Although seen frequently on other CBS News assignments (Vietnam,
the Middle East), Wallace's beat was the Richard Nixon comeback
campaign. A confessed Nixon apologist, in 1968 he nevertheless rejected
an offer to be a press secretary for the candidate.
Instead,
that fall Wallace began regular duties for 60 Minutes, a
prime-time news magazine for which he and Harry Reasoner had done
a pilot in February 1968. To contrast the mild-mannered Reasoner,
producer Don Hewitt cast Wallace in his usual role as the abrasive,
tough-guy reporter.
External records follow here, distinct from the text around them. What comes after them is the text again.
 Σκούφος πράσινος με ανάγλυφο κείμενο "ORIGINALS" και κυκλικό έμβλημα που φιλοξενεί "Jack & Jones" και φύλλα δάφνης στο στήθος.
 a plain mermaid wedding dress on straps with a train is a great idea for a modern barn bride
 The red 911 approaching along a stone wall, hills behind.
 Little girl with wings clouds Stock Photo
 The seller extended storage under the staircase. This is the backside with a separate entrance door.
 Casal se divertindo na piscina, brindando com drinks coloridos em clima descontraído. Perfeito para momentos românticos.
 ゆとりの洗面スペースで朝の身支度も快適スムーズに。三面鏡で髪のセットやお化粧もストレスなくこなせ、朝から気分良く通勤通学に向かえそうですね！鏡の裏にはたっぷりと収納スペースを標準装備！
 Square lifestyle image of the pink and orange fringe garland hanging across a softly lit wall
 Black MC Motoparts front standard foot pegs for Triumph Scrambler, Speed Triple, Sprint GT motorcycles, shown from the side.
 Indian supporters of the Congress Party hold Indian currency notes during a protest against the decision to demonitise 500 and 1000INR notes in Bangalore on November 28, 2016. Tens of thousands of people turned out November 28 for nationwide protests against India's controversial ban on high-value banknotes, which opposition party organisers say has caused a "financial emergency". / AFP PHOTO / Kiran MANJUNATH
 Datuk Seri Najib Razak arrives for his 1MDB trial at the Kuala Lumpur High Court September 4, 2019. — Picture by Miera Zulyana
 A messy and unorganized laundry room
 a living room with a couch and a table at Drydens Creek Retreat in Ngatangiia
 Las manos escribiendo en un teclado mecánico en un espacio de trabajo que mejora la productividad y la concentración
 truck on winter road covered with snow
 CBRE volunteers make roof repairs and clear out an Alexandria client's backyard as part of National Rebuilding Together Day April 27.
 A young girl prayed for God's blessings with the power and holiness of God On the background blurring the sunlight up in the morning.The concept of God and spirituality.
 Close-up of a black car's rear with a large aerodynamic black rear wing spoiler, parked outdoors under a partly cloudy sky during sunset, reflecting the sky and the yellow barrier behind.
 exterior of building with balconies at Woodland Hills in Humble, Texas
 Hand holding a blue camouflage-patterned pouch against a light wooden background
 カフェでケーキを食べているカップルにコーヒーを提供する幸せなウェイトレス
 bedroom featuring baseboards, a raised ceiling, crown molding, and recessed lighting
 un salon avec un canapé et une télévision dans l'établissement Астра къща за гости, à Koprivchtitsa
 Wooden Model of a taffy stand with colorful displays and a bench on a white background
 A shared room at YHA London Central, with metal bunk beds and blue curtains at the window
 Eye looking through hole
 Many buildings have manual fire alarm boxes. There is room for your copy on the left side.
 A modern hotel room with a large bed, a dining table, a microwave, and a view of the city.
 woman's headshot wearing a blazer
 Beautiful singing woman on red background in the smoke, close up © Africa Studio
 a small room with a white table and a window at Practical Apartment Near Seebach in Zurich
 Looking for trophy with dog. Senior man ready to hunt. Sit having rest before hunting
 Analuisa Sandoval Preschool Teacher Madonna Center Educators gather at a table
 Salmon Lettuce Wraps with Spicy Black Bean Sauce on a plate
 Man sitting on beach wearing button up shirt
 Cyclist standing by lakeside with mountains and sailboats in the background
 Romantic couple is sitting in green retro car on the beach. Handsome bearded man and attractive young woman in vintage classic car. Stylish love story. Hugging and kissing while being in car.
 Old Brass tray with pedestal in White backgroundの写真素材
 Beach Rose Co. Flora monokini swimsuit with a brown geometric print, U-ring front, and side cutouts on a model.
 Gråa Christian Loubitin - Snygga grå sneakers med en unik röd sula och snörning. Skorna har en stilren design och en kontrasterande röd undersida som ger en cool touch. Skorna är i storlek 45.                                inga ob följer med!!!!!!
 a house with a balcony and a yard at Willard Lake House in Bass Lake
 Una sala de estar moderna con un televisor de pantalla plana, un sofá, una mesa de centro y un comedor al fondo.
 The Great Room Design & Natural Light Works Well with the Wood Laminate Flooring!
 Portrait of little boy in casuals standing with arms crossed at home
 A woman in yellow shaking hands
While he could be charming when doing softer
features and celebrity profiles, Wallace maintained his reputation
as a bruising inquisitor who gave his subjects "Mike fright." With
his personal contacts in the Nixon (and later Reagan) circles he
proved an expert reporter on national politics, particularly during
Watergate. Throughout his run on 60 Minutes he consistently
landed timely and exclusive interviews with the most important newsmakers
of the day.
As 60 Minutes was becoming a mainstay of TV news Wallace
developed its most familiar modus operandi: the ambush interview.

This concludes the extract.